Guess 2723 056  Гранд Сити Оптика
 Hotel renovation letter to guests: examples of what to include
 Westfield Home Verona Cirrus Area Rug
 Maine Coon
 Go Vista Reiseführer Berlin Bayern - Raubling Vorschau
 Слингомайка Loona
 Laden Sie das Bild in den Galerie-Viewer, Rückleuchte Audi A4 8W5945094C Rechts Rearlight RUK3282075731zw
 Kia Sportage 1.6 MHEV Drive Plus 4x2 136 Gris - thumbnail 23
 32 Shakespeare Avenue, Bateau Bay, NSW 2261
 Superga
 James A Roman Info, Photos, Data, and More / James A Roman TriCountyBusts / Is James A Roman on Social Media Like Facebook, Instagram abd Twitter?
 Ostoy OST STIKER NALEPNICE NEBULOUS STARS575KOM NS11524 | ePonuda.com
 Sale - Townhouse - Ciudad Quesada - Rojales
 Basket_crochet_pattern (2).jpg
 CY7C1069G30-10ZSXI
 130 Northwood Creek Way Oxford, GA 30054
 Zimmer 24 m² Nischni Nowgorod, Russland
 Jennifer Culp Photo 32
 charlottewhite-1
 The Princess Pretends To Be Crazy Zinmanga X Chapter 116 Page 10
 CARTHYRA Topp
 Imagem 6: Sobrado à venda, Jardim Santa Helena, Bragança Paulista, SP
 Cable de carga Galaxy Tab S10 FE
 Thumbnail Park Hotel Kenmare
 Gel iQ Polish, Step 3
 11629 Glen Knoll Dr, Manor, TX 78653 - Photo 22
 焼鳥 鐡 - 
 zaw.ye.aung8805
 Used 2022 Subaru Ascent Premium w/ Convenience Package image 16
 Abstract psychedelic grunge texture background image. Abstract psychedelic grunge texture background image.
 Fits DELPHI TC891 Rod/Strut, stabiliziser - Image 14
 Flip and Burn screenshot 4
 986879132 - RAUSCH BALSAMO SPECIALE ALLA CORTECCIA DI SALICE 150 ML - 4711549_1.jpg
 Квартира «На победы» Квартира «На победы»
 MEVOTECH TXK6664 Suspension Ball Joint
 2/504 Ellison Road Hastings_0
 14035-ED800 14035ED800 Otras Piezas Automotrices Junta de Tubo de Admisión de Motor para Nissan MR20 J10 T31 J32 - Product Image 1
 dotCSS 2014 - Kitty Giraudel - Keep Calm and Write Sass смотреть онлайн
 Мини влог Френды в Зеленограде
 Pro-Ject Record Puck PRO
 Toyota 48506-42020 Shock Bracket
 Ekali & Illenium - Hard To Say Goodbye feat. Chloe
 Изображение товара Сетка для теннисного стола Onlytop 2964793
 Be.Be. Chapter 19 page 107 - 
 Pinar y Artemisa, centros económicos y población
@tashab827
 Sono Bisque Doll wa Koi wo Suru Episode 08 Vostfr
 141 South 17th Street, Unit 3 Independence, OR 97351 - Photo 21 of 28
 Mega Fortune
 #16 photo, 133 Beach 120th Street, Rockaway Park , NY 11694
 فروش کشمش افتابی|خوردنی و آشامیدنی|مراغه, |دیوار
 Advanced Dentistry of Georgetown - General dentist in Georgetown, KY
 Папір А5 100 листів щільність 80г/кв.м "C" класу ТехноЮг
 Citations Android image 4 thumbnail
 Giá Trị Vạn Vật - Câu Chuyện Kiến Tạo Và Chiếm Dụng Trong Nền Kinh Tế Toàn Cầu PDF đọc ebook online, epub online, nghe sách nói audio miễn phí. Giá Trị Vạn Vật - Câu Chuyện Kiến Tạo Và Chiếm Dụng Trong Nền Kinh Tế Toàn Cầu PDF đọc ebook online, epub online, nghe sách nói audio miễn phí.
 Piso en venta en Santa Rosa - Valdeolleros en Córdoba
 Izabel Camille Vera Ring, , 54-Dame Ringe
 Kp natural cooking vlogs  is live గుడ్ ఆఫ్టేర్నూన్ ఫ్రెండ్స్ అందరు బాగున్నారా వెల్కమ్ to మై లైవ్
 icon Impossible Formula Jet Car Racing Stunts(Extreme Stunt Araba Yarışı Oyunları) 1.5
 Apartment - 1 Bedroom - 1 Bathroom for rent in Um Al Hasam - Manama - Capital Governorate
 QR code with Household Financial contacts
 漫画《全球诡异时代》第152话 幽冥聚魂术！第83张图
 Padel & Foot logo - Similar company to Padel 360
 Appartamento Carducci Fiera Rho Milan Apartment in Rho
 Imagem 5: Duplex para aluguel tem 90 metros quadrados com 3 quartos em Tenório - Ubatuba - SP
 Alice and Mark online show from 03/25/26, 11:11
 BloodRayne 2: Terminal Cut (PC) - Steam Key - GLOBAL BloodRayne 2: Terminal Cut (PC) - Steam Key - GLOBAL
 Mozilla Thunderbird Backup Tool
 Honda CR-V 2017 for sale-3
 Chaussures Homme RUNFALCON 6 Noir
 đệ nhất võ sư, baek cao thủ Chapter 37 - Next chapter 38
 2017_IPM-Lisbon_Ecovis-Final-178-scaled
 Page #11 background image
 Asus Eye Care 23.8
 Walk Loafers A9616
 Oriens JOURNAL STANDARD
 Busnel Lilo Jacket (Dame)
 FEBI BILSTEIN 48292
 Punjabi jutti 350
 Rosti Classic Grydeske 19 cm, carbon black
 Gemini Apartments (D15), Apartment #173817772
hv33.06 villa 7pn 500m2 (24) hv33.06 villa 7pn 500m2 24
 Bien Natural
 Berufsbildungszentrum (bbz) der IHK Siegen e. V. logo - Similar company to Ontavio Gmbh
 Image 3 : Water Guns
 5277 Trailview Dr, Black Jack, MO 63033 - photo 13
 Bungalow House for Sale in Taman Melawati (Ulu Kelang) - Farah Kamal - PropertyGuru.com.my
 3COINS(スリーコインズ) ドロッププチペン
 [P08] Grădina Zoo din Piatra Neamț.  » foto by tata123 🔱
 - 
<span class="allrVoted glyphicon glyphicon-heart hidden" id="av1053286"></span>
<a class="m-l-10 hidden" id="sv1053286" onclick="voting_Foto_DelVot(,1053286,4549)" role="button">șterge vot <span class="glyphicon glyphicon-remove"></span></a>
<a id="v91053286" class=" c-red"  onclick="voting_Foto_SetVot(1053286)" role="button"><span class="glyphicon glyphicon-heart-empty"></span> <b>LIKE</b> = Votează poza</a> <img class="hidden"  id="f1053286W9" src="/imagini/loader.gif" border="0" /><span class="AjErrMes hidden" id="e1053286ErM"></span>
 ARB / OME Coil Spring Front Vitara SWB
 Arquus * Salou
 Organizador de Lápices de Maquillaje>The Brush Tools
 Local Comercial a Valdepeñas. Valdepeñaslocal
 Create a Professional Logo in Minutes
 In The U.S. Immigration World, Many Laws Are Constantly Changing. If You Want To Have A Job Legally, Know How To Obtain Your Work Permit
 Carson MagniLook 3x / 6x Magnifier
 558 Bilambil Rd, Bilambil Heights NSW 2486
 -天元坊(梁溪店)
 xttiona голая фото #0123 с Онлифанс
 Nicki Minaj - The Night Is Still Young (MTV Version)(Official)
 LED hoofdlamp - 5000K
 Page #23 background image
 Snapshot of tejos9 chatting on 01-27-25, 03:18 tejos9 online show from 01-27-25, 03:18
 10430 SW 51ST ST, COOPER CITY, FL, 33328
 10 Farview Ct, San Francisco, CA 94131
- - - -
= TASK REQUIREMENTS =
Find where "10430 SW 51ST ST, COOPER CITY, FL, 33328" occurs in the data, and please write out that line through the last line exactly, with nothing else.

= YOUR RESPONSE =
 10430 SW 51ST ST, COOPER CITY, FL, 33328
 10 Farview Ct, San Francisco, CA 94131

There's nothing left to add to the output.